Moscow Young Generation Theatre

Nikolai Galkin/TASS
One of the first children's theatres in the USSR, the Moscow Young Generation Theatre opened in the 1920s in a 19th-century building that in 1911 had been renovated to house a private theatre. In the 1920s the building was home to the Young Experimental Theatre before housing the Moscow Young Generation Theatre, originally known as the Pedagogical Theatre.
The theatre was geared for children and young people, becoming a blueprint for a network of similar youth theatres across the USSR. In 1987, with the arrival of the well-known Henrietta Yanovskaya as artistic director, and of her equally famous husband, the director Kama Ginkas, the repertoire was reviewed to cater for adult audiences. The changes brought the theatre numerous Golden Mask awards, yet the management has not forgotten about younger audiences altogether.

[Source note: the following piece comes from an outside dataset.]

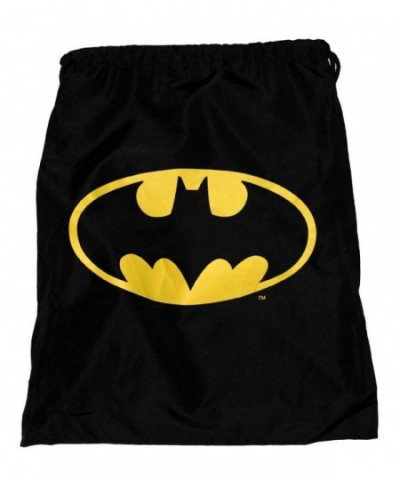 Animewild Batman Cape Drawstring Backpack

Yanovskaya herself regularly directs children's plays, including her well-known 6+ productions of "The Wolf and Seven Goats" ("Volk i Semero Kozlyat") and "The Cat's House" ("Koshkin Dom"). Kama Ginkas has put on some popular plays for pre-school 5+ audiences, such as Pushkin's "The Golden Cockerel" ("Zolotoy Petushok"), as well as productions such as Oscar Wilde's "The Happy Prince" ("Schastlivy Prints") for teenagers (12+). The Moscow Young Generation Theatre has many plays based on classics from the school curriculum, which become major social events for Moscow's theatre-lovers of all ages.